- By Wendy Weaver
In many marriages, one spouse is assigned management of the couple's finances. Frequently, that’s because the other spouse either has no interest in or no understanding of investing, taxes and other money topics. Usually, it’s the wife who is in the dark.
But this arrangement can become disastrous when the financially minded spouse dies, creating what’s sometimes called “the shoebox widow” problem.
(MORE: First Financial Steps to Take After Losing a Spouse)
At that point, the woman is left with little knowledge or direction on the couple's financial situation. Essentially, all their records are jumbled in a shoebox, making an already emotionally overwhelming situation even worse.
Here are six steps couples can take now to prevent a potential “shoebox widow” situation in the future:
1. Open the discussion. The most important thing couples can do to chart their financial future is to initiate a conversation about it.

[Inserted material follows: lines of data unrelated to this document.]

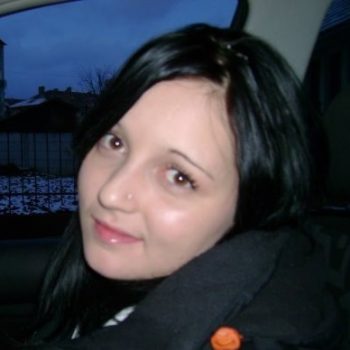 Profil de Fleure, 25 ans, Sex Rencontre à Elsau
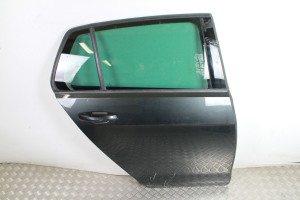 Rear side doors - 5G4839916E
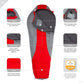 Tracker 5ºF Mummy Sleeping Bag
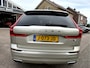 Volvo XC60 2.0 T8 Twin Engine AWD Inscription Panoramadak, Trekhaak, 360 camera
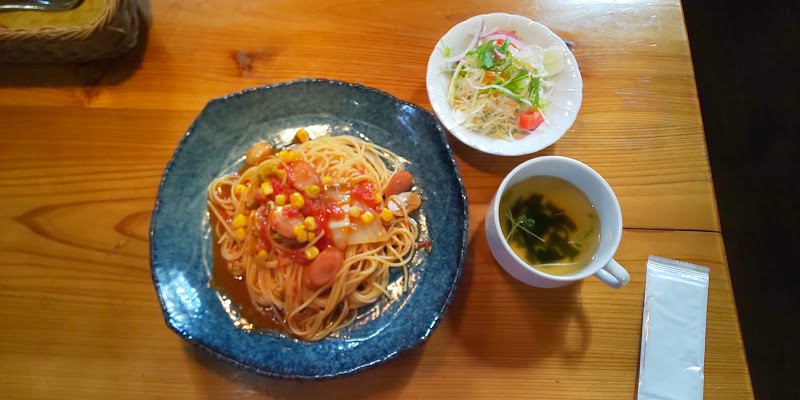 マンマ鎌倉屋 福島県須賀川市宮先町 イタリア料理店 グルコミ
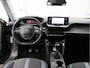 Peugeot 2008 1.2 PureTech Allure/ lage km/ zeer mooi!
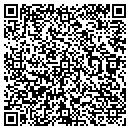 QR code with Precision Industries contacts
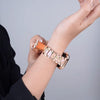 EDA0083997_B4.jpg@4549e59beea610084bb4005a026daf2c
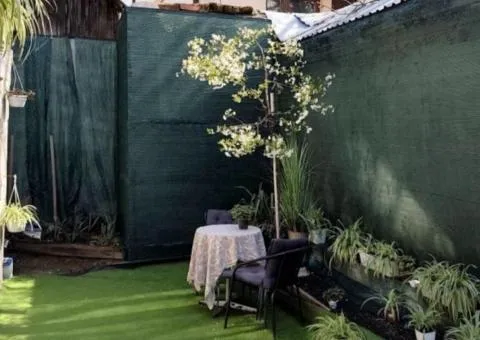 Продаж 1-кімнатного будинку, 45 м², Паркова, Автовокзал, Одеса - 6/10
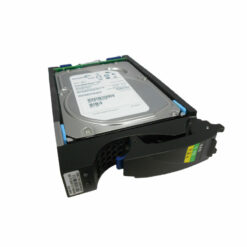 V3-VS07-010E EMC 1TB NL-SAS Hard Drive 005049407, 005049305, 005049494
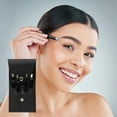 thumbnail image 1 of Ensemble de Pinces à Sourcils 4 Pcs en Acier Inoxydable, Épilateur pour Femmes, 1 of 8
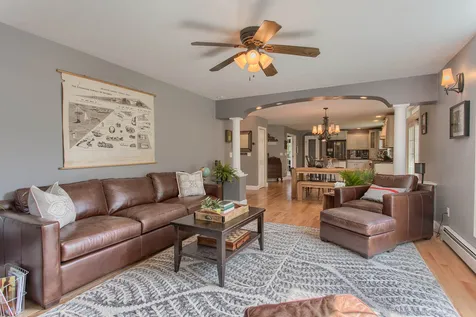32 Atlantic Drive Rindge NH 03461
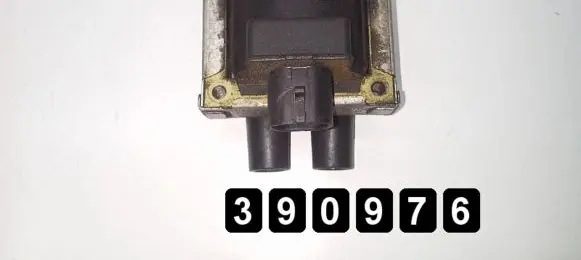 Fiat Palio High voltage ignition coil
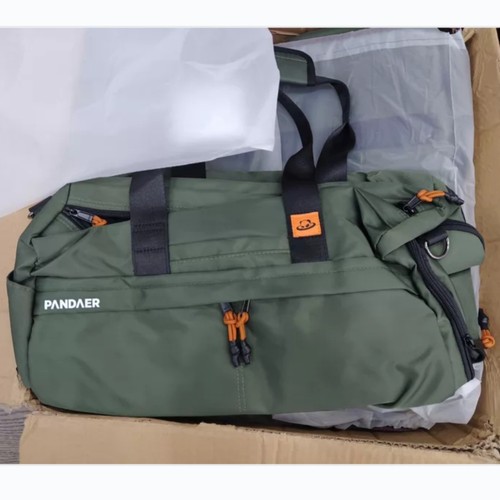 Borsa tracolla grande - tracolla,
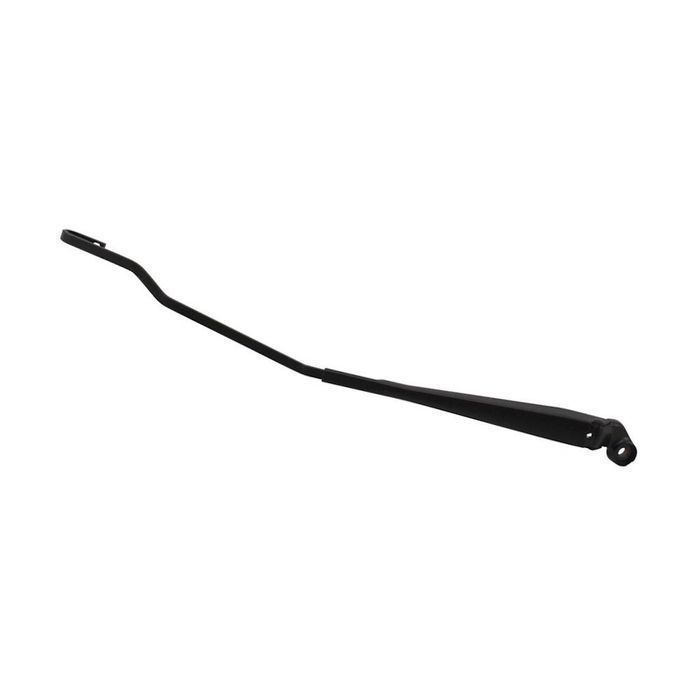 Brat stergator parbriz Seat Arosa (6H), 05.1997-06.2004, VW Lupo (6X1/6E1), 05.1998-07.2005 fata dreapta 6X1955410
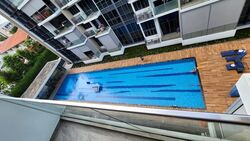The Lilium (D19), Condominium #517461941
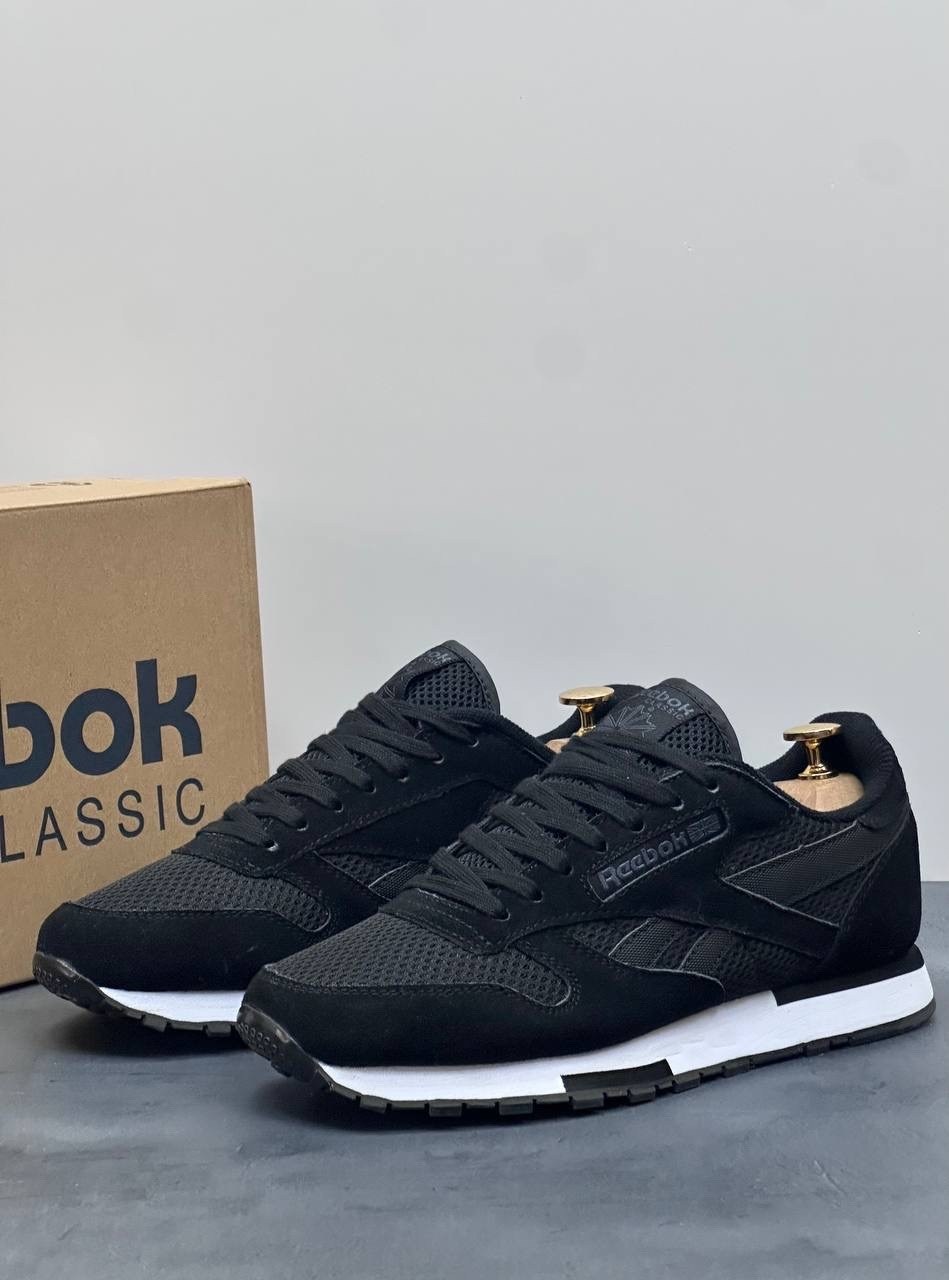 кроссовки reebok,кроссовки reebok classic leather,мужские кроссовки reebok,кроссовки reebok reebok,кроссовки reebok classic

Surprisingly, discussing the very unpleasant topic of the personal finance repercussions that will arise from one partner's death can actually help ease the transition from one-spouse money management to two.
It also lets each partner know how the other would want his or her money handled.
Don't know how to approach the topic? Buy a book or seek help from a money coach. (In his Next Avenue article, “The 7 Best Books for Your Money and Career,” Chris Farrell recommends Personal Finance for Dummies.) It is best for both of you to read the book or see the coach together, if possible, so you’ll be working off the same foundation.
2. Get involved. The spouse who has been ignorant of the couple’s finances needs to step up. Learning about your household’s investments, assets and monthly bills is a great place to start.
(MORE: How Women Who’ve Never Invested Can Get Started)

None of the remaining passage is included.